• **Task to carry out**: Among the lines of data below, reproduce only those from the one with "Here are these" through the one with "This is how", exactly as they stand, both ends included.

Dataset entries
<<<<

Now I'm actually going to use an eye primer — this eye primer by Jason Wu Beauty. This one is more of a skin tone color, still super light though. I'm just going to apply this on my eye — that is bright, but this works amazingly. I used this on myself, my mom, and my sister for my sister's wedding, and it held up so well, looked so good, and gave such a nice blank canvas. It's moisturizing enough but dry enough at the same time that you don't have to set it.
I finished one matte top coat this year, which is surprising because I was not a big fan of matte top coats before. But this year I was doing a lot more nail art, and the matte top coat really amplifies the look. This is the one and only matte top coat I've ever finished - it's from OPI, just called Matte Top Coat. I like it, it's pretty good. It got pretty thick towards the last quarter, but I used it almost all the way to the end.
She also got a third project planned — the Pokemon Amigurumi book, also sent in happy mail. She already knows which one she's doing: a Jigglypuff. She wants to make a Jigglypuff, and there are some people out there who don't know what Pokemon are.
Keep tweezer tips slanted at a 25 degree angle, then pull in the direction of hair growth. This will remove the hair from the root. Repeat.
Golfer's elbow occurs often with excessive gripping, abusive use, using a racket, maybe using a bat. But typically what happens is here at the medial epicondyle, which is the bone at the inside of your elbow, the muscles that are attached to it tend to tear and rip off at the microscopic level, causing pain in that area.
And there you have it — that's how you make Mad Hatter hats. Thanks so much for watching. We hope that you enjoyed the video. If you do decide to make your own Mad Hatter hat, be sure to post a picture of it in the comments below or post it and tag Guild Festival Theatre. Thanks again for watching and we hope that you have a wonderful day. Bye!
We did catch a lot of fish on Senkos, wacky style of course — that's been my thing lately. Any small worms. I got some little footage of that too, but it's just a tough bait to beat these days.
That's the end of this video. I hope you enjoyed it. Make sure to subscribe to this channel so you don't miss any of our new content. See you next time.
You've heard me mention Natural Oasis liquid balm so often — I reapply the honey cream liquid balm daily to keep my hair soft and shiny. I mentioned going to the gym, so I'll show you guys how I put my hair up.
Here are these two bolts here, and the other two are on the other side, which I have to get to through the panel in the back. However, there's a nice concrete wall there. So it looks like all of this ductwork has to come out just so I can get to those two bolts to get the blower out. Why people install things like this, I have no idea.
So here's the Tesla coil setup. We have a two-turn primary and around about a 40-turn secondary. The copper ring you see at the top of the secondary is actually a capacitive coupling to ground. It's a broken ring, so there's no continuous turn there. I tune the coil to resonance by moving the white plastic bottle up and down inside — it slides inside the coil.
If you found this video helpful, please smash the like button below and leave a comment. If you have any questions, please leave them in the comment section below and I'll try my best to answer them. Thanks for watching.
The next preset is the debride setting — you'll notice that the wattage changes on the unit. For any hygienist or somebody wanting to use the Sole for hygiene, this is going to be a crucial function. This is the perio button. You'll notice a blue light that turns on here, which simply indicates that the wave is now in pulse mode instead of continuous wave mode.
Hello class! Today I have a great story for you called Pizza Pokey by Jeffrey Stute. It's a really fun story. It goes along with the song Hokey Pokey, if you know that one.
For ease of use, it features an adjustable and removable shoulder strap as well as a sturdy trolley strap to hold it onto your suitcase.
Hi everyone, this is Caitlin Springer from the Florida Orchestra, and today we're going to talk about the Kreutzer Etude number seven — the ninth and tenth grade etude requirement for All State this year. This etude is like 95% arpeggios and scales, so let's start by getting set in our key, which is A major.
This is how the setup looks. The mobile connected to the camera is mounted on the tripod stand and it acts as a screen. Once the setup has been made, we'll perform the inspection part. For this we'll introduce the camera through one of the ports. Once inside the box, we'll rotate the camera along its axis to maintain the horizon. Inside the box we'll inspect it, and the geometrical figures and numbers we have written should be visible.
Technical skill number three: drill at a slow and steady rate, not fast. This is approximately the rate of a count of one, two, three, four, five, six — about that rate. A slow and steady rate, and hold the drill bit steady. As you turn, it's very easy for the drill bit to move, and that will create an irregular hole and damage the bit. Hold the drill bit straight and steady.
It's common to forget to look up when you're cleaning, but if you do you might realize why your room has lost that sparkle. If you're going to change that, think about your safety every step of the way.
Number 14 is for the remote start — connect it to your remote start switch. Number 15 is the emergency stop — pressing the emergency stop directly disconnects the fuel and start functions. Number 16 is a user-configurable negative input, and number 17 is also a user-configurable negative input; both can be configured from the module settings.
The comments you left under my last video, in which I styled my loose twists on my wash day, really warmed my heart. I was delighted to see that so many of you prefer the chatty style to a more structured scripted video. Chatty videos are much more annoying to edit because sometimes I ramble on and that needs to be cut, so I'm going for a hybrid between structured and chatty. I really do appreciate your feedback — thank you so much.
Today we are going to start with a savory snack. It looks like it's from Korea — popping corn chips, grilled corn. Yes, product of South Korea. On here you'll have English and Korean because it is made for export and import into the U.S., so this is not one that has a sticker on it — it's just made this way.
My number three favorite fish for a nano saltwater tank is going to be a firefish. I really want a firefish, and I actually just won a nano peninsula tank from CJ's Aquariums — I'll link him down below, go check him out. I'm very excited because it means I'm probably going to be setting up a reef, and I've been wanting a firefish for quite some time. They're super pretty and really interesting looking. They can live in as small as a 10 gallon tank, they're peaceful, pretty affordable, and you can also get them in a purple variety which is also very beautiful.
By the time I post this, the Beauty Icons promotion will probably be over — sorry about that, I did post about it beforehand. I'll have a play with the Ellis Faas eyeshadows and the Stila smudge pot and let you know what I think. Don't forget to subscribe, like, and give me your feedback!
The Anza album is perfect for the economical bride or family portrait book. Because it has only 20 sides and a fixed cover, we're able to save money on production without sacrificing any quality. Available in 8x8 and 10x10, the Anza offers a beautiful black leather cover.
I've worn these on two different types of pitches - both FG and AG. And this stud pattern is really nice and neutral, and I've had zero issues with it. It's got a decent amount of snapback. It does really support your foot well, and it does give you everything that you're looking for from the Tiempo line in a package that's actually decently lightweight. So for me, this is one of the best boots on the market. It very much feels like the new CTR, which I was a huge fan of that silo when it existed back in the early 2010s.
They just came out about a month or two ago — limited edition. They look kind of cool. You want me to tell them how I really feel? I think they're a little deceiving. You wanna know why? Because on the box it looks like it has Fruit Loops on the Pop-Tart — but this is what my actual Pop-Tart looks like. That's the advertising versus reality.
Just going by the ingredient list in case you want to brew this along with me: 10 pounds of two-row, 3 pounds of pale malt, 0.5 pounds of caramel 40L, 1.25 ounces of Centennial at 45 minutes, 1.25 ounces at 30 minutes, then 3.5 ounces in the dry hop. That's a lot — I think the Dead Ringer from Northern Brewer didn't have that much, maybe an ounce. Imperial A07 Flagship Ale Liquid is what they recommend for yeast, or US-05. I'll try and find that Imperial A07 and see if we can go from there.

>>>>

• **Solved exercise**:
Here are these two bolts here, and the other two are on the other side, which I have to get to through the panel in the back. However, there's a nice concrete wall there. So it looks like all of this ductwork has to come out just so I can get to those two bolts to get the blower out. Why people install things like this, I have no idea.
So here's the Tesla coil setup. We have a two-turn primary and around about a 40-turn secondary. The copper ring you see at the top of the secondary is actually a capacitive coupling to ground. It's a broken ring, so there's no continuous turn there. I tune the coil to resonance by moving the white plastic bottle up and down inside — it slides inside the coil.
If you found this video helpful, please smash the like button below and leave a comment. If you have any questions, please leave them in the comment section below and I'll try my best to answer them. Thanks for watching.
The next preset is the debride setting — you'll notice that the wattage changes on the unit. For any hygienist or somebody wanting to use the Sole for hygiene, this is going to be a crucial function. This is the perio button. You'll notice a blue light that turns on here, which simply indicates that the wave is now in pulse mode instead of continuous wave mode.
Hello class! Today I have a great story for you called Pizza Pokey by Jeffrey Stute. It's a really fun story. It goes along with the song Hokey Pokey, if you know that one.
For ease of use, it features an adjustable and removable shoulder strap as well as a sturdy trolley strap to hold it onto your suitcase.
Hi everyone, this is Caitlin Springer from the Florida Orchestra, and today we're going to talk about the Kreutzer Etude number seven — the ninth and tenth grade etude requirement for All State this year. This etude is like 95% arpeggios and scales, so let's start by getting set in our key, which is A major.
This is how the setup looks. The mobile connected to the camera is mounted on the tripod stand and it acts as a screen. Once the setup has been made, we'll perform the inspection part. For this we'll introduce the camera through one of the ports. Once inside the box, we'll rotate the camera along its axis to maintain the horizon. Inside the box we'll inspect it, and the geometrical figures and numbers we have written should be visible.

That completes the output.